Xiao Z, Théroux P, Frojmovic M
The Department of Medicine, University of Montreal, Quebec, Canada.
Thromb Haemost. 1999 Feb;81(2):281-5.
The study investigated how drug inhibition of the GPIIb/IIIa receptor influences the interactions between platelets and leukocytes. These interactions are believed to play an important role in the etiology of the acute coronary syndromes. Thirty patients with unstable angina or non-Q-wave myocardial infarction were studied before the administration of tirofiban or placebo and after 4 h and 72 h. Platelet-leukocyte aggregates were characterized in whole blood using three-colour flow cytometry. The leukocyte population was isolated by a nucleic acid probe (LDS 751) and platelet-neutrophil coaggregates identified as particles binding both anti-CD42a-FITC and anti-CD45-PE. Tirofiban decreased by 25% the density of platelets in circulating platelet-neutrophil coaggregates (p <0.01), and prevented the increase induced by platelet agonist stimulation (p <0.0001). The reduction correlated with inhibition of fibrinogen binding to platelet (p <0.0001) and with inhibition of platelet aggregation (p <0.0001). The percentage of neutrophils with bound platelets following platelet agonist stimulation was, however, increased following GPIIb/IIIa inhibition. Thus, inhibition of GPIIb/IIIa receptor promotes platelet-neutrophil adhesion, but markedly reduces the binding density of platelets in the coaggregates.

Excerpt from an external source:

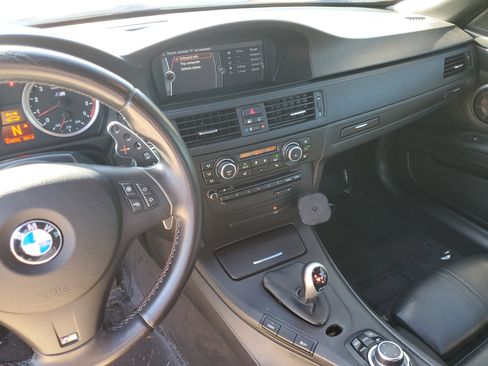 Used 2013 BMW M3 Convertible w/ Premium Pkg image 22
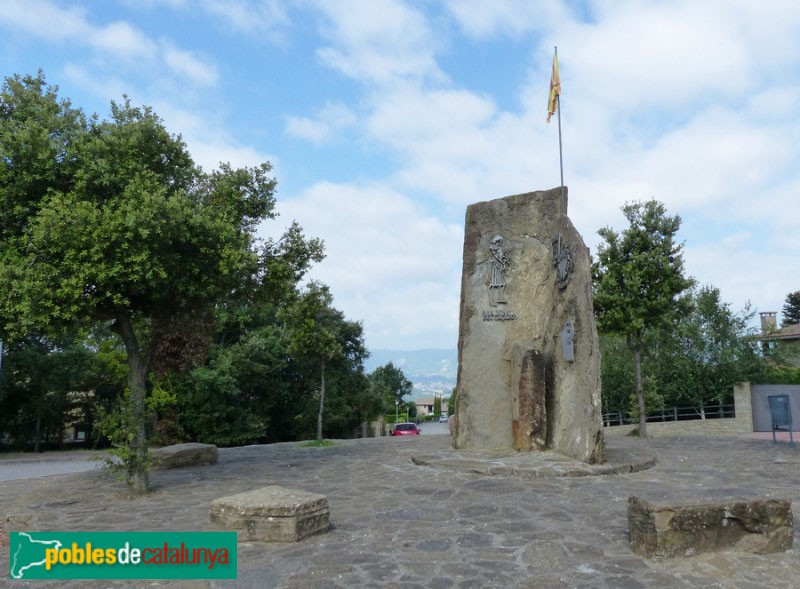 Taradell - Monument al gos caçador. Gossos (Foto: Graciel·la Vidal, 2017) Taradell - Monument al gos caçador. Gossos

该研究调查了药物抑制糖蛋白IIb/IIIa受体如何影响血小板与白细胞之间的相互作用。这些相互作用被认为在急性冠脉综合征的病因学中起重要作用。对30例不稳定型心绞痛或非Q波心肌梗死患者在给予替罗非班或安慰剂之前、之后4小时和72小时进行了研究。使用三色流式细胞术对全血中的血小板-白细胞聚集体进行表征。通过核酸探针(LDS 751)分离白细胞群体,并将血小板-中性粒细胞共聚集体鉴定为同时结合抗CD42a-FITC和抗CD45-PE的颗粒。替罗非班使循环中的血小板-中性粒细胞共聚集体中血小板的密度降低了25%(p<0.01),并阻止了血小板激动剂刺激所诱导的增加(p<0.0001)。这种降低与纤维蛋白原与血小板结合的抑制相关(p<0.0001),也与血小板聚集的抑制相关(p<0.0001)。然而,在糖蛋白IIb/IIIa抑制后,血小板激动剂刺激后与血小板结合的中性粒细胞百分比增加。因此,糖蛋白IIb/IIIa受体的抑制促进了血小板-中性粒细胞的黏附,但显著降低了共聚集体中血小板的结合密度。